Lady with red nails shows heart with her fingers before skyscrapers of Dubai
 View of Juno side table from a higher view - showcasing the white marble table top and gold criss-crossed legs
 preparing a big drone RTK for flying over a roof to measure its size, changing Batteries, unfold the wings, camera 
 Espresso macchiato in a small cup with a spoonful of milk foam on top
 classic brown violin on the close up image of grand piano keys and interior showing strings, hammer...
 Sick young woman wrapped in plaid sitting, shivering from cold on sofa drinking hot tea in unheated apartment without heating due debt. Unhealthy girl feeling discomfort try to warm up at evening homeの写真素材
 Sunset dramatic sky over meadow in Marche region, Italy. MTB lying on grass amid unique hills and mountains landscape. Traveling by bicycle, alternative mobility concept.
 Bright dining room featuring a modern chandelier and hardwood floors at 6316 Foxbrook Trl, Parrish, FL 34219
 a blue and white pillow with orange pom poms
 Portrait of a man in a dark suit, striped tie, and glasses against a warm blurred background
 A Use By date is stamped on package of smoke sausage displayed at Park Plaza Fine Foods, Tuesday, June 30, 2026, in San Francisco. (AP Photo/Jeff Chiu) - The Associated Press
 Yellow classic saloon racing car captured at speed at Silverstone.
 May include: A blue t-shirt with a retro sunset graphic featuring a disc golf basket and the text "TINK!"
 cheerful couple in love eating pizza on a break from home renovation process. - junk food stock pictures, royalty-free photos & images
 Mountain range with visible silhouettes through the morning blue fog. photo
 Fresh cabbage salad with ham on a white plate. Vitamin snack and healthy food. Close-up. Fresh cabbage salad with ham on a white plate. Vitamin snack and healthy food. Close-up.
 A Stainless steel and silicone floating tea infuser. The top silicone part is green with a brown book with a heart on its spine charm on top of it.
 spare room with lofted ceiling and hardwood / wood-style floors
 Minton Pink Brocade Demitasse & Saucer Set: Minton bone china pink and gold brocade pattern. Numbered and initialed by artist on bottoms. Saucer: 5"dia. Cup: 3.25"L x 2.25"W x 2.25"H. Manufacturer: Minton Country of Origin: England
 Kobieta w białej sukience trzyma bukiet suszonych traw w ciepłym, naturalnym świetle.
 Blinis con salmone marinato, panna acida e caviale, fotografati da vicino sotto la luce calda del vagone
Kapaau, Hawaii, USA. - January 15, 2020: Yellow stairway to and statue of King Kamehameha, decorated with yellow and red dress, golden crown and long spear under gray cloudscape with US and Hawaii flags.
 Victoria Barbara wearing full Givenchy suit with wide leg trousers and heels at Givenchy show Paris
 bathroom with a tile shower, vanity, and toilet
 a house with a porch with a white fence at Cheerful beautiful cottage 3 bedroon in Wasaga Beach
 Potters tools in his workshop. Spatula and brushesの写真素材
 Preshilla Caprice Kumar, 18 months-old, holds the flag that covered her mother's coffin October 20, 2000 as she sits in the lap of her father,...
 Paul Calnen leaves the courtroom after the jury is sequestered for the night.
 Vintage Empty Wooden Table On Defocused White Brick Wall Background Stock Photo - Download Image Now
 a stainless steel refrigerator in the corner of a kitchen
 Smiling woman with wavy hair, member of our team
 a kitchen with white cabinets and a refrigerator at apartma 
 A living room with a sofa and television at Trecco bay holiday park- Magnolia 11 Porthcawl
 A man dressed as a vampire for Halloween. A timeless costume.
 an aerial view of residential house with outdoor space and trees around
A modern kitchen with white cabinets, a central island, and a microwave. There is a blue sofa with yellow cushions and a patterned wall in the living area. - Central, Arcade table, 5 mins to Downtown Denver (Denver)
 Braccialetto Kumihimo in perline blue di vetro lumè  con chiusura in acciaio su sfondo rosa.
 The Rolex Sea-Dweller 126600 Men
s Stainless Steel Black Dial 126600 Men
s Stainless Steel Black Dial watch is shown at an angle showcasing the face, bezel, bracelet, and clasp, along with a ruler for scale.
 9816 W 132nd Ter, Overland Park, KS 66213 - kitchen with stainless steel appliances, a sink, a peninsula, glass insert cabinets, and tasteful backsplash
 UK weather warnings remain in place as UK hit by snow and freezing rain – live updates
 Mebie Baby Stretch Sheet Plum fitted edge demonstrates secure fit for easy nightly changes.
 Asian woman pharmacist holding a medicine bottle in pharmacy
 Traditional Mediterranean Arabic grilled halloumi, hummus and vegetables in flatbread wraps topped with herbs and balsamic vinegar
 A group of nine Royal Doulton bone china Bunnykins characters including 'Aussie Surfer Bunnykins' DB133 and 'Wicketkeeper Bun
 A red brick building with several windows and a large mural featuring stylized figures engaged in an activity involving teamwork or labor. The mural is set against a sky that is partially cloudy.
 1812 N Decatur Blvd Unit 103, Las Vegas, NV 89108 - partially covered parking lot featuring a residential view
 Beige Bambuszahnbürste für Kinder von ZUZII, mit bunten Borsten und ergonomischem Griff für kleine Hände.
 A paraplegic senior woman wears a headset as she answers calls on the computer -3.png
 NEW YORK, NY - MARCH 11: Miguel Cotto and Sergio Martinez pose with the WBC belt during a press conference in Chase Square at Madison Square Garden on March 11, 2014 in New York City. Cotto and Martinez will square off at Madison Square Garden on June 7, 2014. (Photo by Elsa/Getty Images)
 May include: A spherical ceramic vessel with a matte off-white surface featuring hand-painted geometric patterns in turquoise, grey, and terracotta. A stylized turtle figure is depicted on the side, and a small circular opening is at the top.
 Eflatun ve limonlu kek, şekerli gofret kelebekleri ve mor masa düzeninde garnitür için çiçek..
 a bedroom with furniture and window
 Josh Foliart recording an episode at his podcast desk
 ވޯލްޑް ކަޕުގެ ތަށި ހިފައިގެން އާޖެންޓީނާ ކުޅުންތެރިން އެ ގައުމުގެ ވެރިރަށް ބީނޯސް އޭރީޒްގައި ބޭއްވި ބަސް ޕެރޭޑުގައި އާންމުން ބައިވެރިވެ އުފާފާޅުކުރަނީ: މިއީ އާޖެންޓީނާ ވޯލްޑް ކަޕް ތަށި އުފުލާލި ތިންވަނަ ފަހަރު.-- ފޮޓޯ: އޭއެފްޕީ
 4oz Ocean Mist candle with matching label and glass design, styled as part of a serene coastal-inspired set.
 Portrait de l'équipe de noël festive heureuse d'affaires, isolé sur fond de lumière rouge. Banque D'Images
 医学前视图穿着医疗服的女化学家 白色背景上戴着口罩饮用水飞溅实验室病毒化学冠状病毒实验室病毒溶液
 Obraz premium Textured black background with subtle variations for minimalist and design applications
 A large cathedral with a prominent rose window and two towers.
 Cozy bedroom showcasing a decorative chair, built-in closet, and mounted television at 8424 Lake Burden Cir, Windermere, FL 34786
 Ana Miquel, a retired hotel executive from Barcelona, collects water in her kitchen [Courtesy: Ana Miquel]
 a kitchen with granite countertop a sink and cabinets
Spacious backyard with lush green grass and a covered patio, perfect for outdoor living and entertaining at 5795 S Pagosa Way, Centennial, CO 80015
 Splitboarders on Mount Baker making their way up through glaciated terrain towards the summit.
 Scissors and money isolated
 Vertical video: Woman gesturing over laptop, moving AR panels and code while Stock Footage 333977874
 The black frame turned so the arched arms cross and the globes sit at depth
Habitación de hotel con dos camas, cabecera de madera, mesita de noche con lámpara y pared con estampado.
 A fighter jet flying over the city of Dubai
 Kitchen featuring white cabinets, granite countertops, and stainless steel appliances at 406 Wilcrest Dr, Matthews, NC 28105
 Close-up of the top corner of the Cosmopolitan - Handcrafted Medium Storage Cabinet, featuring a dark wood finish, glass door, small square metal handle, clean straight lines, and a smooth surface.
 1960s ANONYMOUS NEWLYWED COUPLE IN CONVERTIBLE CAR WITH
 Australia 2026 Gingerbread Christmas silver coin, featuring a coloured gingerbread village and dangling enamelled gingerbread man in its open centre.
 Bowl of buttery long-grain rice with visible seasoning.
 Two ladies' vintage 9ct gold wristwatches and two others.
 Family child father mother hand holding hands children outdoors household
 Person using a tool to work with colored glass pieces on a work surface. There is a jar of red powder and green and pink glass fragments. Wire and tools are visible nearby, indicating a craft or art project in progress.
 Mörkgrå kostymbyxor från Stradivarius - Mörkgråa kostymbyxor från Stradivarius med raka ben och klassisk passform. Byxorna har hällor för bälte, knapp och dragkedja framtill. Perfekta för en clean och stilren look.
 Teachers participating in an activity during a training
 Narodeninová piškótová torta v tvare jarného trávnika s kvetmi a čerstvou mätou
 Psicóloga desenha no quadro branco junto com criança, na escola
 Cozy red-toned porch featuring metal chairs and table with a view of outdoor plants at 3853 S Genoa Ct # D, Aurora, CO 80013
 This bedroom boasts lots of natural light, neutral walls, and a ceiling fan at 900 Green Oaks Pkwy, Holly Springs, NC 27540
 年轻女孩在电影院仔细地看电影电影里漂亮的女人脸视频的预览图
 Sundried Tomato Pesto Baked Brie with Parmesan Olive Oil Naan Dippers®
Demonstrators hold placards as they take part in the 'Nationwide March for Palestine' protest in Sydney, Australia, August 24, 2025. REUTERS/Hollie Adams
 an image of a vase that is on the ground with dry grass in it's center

----

**What to do**
The line above containing "A man dressed", the line containing "s Stainless Steel Black Dial 126600 Men", and every line between them are to be transcribed exactly; no other line is wanted.

**Result of this task**
 A man dressed as a vampire for Halloween. A timeless costume.
 an aerial view of residential house with outdoor space and trees around
A modern kitchen with white cabinets, a central island, and a microwave. There is a blue sofa with yellow cushions and a patterned wall in the living area. - Central, Arcade table, 5 mins to Downtown Denver (Denver)
 Braccialetto Kumihimo in perline blue di vetro lumè  con chiusura in acciaio su sfondo rosa.
 The Rolex Sea-Dweller 126600 Men
s Stainless Steel Black Dial 126600 Men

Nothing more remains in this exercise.